Slate's Bizbox




everyday economics: How the dismal science applies to your life.

Women Are ChokersStudies show they cave under pressure. Why?


Among the highest paid corporate executives, only 2.5 percent are women. Among the most elite scientists (those who have been elected to the National Academy of Sciences), fully 9 percent are women. Depending on your biases, you can read that as evidence that women are better at science than business, that corporations discriminate against women, or (if you believe that profit-maximizing corporations get everything just right) that the National Academy discriminates against men.

If you have access to the World Wide Web, you'll have no problem finding theories, evidence, counterevidence, and polemics galore on this subject. Here I just want to talk about one bit of evidence regarding one of the many factors that might be in play: Women—especially high-achieving women—choke under pressure.

You can observe a lot of high achievers under pressure at a Grand Slam tennis tournament. Better yet, you can observe them under variable pressure: Things are a lot tenser when the score is 5-5 than when it's 0-0. Professor Daniele Paserman of Hebrew University made good use of this variability at the 2006 French Open, U.S. Open, and Wimbledon tournaments. First, he assigned an "importance" to each point in each match. He did this by assigning probabilities to every way the match might unfold, accounting for players' ratings, the surface they were playing on, and the identity of the server. That allowed him to say things like, "If Roger Federer wins this point, he has a 60 percent chance to win the match; if he loses the point, he has a 55 percent chance." The 5 percent difference measures the point's importance.

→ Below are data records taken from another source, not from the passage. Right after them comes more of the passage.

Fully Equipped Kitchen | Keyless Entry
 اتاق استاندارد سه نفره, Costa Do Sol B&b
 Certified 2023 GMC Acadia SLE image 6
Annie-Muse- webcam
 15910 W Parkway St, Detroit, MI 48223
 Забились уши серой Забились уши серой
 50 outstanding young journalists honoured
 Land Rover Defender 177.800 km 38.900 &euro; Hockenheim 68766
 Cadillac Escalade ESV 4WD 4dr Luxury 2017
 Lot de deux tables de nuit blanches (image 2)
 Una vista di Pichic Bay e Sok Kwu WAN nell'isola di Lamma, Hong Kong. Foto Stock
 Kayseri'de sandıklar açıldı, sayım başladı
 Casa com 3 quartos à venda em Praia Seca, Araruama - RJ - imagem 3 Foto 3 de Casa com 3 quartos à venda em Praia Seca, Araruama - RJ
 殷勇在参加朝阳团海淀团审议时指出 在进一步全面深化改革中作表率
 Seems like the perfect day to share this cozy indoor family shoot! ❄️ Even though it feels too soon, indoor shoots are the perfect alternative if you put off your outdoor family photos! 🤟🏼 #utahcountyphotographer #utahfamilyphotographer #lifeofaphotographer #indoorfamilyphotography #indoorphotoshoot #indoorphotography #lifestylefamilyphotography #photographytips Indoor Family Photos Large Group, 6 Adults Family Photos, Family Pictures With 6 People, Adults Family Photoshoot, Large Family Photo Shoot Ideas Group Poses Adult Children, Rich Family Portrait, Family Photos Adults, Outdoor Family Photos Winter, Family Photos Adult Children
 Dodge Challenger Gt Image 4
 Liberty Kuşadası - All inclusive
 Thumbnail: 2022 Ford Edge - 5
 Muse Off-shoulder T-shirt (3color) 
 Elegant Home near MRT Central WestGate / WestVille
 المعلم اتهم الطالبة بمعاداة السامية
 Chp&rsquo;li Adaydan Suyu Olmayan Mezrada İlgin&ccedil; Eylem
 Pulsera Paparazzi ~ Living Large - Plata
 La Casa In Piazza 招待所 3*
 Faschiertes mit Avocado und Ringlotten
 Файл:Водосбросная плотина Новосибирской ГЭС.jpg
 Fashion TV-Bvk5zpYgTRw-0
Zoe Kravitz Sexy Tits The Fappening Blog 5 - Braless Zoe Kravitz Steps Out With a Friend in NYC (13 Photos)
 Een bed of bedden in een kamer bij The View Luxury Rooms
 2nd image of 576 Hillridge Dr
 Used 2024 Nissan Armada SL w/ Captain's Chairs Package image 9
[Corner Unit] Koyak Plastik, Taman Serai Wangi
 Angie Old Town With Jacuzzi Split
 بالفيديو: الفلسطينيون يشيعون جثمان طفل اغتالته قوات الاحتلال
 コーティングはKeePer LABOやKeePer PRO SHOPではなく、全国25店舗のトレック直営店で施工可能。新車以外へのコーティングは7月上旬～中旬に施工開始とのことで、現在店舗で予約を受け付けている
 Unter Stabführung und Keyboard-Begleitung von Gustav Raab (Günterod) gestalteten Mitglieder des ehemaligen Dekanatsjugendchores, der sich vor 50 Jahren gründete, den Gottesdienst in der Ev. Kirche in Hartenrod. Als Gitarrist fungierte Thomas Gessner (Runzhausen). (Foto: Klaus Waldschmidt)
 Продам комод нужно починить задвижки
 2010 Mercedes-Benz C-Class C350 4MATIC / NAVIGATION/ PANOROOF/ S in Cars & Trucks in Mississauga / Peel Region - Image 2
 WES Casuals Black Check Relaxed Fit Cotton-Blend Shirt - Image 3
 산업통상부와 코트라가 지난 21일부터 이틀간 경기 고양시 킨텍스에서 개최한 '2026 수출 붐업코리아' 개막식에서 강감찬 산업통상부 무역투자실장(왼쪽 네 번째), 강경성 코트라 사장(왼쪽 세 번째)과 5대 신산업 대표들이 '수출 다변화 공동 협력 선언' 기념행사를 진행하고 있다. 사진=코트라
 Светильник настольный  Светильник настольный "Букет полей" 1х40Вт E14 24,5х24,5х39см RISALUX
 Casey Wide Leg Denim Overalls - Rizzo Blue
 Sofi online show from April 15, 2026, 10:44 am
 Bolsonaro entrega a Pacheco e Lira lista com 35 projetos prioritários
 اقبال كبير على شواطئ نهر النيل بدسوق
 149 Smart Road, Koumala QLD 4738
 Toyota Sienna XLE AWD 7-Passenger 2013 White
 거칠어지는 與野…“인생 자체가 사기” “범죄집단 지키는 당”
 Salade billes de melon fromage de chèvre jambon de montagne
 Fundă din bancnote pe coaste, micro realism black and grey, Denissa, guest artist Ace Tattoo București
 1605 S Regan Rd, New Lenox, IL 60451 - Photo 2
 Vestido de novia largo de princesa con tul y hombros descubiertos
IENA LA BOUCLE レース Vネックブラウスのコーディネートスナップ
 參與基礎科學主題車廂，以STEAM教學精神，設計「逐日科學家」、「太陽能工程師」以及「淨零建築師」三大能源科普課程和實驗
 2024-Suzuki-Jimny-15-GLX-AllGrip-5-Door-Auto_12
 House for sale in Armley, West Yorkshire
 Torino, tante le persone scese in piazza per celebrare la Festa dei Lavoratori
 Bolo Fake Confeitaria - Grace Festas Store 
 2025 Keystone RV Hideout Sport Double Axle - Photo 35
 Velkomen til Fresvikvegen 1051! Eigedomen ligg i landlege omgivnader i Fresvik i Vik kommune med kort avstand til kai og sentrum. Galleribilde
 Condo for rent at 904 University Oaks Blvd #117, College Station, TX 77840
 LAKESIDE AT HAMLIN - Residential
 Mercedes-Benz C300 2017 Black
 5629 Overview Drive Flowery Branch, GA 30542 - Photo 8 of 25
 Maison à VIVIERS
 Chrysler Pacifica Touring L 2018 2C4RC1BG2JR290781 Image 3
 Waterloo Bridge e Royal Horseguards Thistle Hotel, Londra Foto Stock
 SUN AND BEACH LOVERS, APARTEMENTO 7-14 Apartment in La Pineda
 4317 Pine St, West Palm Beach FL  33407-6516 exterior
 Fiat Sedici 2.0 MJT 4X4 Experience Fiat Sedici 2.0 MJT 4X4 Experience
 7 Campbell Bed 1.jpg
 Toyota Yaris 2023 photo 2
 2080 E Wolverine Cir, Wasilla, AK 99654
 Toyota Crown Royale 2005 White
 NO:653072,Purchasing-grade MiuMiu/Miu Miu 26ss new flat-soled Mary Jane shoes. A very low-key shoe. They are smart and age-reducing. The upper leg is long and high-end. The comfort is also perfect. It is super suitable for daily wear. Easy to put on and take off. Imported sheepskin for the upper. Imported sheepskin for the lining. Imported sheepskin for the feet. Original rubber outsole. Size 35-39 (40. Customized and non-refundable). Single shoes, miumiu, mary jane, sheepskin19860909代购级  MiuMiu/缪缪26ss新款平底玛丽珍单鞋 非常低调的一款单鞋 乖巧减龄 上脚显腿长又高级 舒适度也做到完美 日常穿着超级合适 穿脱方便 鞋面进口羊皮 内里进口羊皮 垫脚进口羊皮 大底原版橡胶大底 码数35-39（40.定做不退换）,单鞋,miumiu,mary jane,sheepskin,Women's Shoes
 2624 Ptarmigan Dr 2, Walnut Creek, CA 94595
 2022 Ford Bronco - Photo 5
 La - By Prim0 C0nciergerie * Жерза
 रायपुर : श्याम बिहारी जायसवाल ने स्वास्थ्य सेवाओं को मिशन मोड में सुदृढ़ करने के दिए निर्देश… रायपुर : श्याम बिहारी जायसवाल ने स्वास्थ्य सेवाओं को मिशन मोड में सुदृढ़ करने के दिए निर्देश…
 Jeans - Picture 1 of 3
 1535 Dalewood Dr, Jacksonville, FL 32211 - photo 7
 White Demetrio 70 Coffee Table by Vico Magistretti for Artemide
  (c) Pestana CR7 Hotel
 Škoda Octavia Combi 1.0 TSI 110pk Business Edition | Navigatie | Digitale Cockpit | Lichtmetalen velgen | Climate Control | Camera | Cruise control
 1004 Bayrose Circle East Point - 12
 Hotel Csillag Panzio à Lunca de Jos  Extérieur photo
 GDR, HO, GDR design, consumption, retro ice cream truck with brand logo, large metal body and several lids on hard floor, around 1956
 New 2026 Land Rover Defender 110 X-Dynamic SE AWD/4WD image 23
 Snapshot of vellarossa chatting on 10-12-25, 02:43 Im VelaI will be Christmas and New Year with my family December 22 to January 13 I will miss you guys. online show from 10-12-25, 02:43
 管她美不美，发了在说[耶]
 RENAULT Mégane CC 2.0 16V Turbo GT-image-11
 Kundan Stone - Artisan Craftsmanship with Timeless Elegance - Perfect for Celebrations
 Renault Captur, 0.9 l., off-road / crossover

It turns out that by at least one measure—the number of unforced errors—men play equally well throughout the match. They make unforced errors on about 30 percent of the most important points, about 30 percent of the least important, and about 30 percent of all those in between. But women show a very different pattern: 34 percent unforced errors on the least important points, steadily rising to almost 40 percent on the most important. That's almost surely too big a difference to be mere coincidence.

What, besides choking, could explain those numbers? Maybe the closest games are usually played late in the match, when players are more fatigued; maybe more of those games involve weak players; maybe more of them occur at the French Open, where the court is harder to play. But professor Paserman tests all these theories, and none stands up to statistical analysis.

Another countertheory: Maybe women play more defensively when the score is tight. If both players just keep lobbing the ball back and forth, there can't be any forced errors, so all errors are recorded as unforced. In support of this theory, professor Paserman observes that women do play more defensively when the score is tight. (He measures defensive play by speed of serve, length of rallies, and so forth.) But, unfortunately for the countertheory, so do men. When the pressure's on, both men and women get more defensive (and by about the same amount)—but only women make more errors.

Meanwhile, another band of researchers (Uri Gneezy, Muriel Niederle, and Aldo Rustichini, of the University of California at San Diego, Stanford, and the University of Minnesota) has been running experiments to see how men and women perform in competitive environments. First they have subjects solve mazes on their own; then they pit the same subjects against each other in maze-solving contests. The result?

Competition—against anyone—improves men's performance.

Competition against women improves women's performance.

But in competition against men, women do no better than when they're working in isolation.

In spirit, that seems opposite to what professor Paserman is telling us. Women in championship tennis tournaments are always pitted against women, so based on the maze research you'd expect heightened performance—and it's a reasonable guess that when the competition gets tougher, performance should get even better.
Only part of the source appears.